● **DATA PROVIDED**:
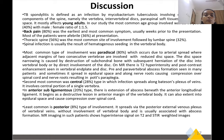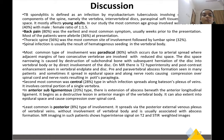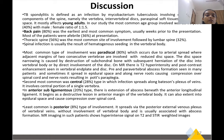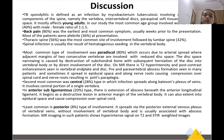On MRI, there is T2 hyperintensity and post-contrast enhancement seen in the vertebral endplate and disc. Pre- and paravertebral abscess formation is seen in many patients, and sometimes it spreads into the epidural space and along nerve roots, causing compression over the spinal cord and nerve roots resulting in Pott's paraplegia. The second most common type was the central type, where infection spreads along the Batson's plexus of veins and involves the central portion of a single vertebra. In the anterior subligamentous type, there is extension of abscess beneath the anterior longitudinal ligament, beginning as a lytic lesion at the anterior margin of the vertebral body, which can also extend into the epidural space.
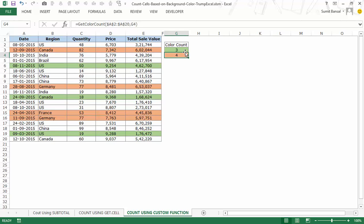If you're okay using VBA and custom functions, this is the fastest and best method. Because the workbook contains VBA code, you must save it with an .xlsm or .xls extension. These are the three ways to count cells with a specific background color in Excel. I hope you found this video helpful — thank you and have a nice day.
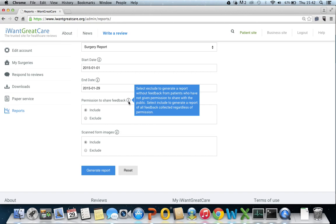Select exclude if you want to generate the report without using feedback from patients who haven't given their permission to share feedback with the public. Select include to generate the report using all of the feedback collected regardless of whether the patient has given permission or not.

● **WHAT TO WORK ON**: All of the data should come back exactly as written, but without pictures.

● **TASK RESPONSE**:
On MRI, there is T2 hyperintensity and post-contrast enhancement seen in the vertebral endplate and disc. Pre- and paravertebral abscess formation is seen in many patients, and sometimes it spreads into the epidural space and along nerve roots, causing compression over the spinal cord and nerve roots resulting in Pott's paraplegia. The second most common type was the central type, where infection spreads along the Batson's plexus of veins and involves the central portion of a single vertebra. In the anterior subligamentous type, there is extension of abscess beneath the anterior longitudinal ligament, beginning as a lytic lesion at the anterior margin of the vertebral body, which can also extend into the epidural space.
If you're okay using VBA and custom functions, this is the fastest and best method. Because the workbook contains VBA code, you must save it with an .xlsm or .xls extension. These are the three ways to count cells with a specific background color in Excel. I hope you found this video helpful — thank you and have a nice day.
Select exclude if you want to generate the report without using feedback from patients who haven't given their permission to share feedback with the public. Select include to generate the report using all of the feedback collected regardless of whether the patient has given permission or not.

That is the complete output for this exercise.